Two soldiers poke our backs and push us
up the steps. A third guard fires nonstop at the rats as we go
through the doors.

* * *

Barrett meant only to give Lydia an
encouraging hug, but she turned away, raced upstairs, and left him
standing alone in the living room with Mira.


You’re never going to dance
with her.” Mira said. The metaphor stung though he saw the sympathy
in her eyes. He didn’t know how to answer.

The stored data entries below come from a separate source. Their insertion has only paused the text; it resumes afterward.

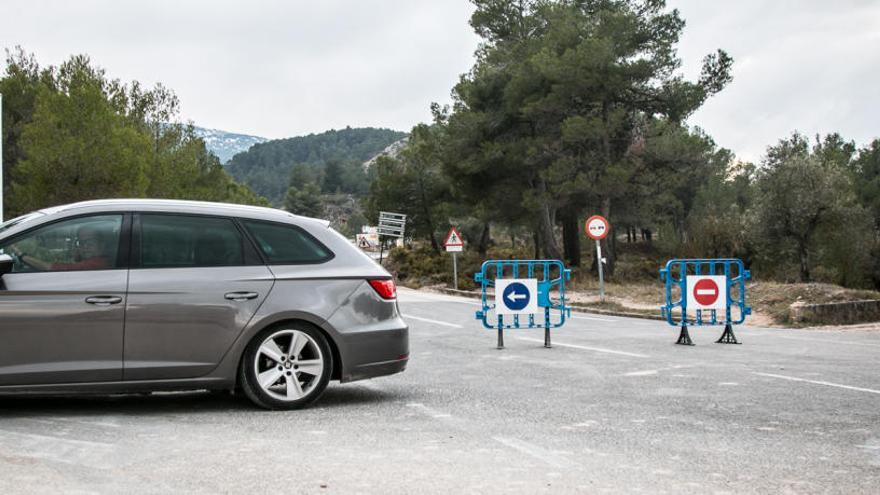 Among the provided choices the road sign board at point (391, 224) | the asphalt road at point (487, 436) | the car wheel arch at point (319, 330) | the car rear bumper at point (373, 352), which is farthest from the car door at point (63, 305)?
the road sign board at point (391, 224)

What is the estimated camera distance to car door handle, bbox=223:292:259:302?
7.30m

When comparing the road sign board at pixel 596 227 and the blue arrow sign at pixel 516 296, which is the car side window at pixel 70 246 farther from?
the road sign board at pixel 596 227

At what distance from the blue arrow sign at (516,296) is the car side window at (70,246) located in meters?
7.77

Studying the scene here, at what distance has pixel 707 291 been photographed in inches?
591

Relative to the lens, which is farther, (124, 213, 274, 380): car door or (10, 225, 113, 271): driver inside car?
(124, 213, 274, 380): car door

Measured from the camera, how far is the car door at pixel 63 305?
22.5ft

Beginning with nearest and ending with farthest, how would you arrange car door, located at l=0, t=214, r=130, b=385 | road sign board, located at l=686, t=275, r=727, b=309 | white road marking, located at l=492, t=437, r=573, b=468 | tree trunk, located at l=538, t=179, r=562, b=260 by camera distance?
white road marking, located at l=492, t=437, r=573, b=468, car door, located at l=0, t=214, r=130, b=385, road sign board, located at l=686, t=275, r=727, b=309, tree trunk, located at l=538, t=179, r=562, b=260

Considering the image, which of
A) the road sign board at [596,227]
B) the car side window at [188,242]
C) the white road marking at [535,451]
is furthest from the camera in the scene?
the road sign board at [596,227]

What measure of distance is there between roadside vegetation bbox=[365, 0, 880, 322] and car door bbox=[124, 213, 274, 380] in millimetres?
26693

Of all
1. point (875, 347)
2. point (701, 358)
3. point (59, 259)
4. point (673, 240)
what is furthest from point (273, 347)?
point (673, 240)

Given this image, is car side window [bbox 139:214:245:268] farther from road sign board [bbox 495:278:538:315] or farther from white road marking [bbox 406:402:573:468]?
road sign board [bbox 495:278:538:315]

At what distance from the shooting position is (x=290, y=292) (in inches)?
294

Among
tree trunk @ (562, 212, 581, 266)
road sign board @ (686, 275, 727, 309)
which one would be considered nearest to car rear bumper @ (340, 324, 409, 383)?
road sign board @ (686, 275, 727, 309)

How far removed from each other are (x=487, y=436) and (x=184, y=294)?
8.05ft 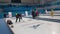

He walked back through the kitchen
where the Lunas were sitting like statues, staring off into space.
He grabbed his pack. He didn’t belong here, he thought. There were
other things he could do during this crisis. He swung the pack onto
his back and slinked out the side door. He wasn’t worried about
outrunning the rats. In fact, he could probably beat the truck back
to the capitol.

* * *

I look around Truslow’s office which
had belonged to the man I thought was my grandfather for all of my
life. Nothing is different.

Truslow stands behind the desk flanked
by two men. Magicians or scientists or weapons specialists. One
holds another rod like Harmon’s.

Truslow speaks with his usual
arrogance. “The men in my Krona can produce the same effect.” He
nods at the one to his left and the man twists the end of the pole.
My head reels from the harmonic discord and I cringe, ball my
fists, and grit my teeth. From the halls we hear the scuffling.
Animals throw themselves against the door; nails click along the
ceiling.


If you can stop this curse
I’ll let the Reds go.” Truslow’s lips move in sync with his
eyebrows which twitch upward in anxious demand.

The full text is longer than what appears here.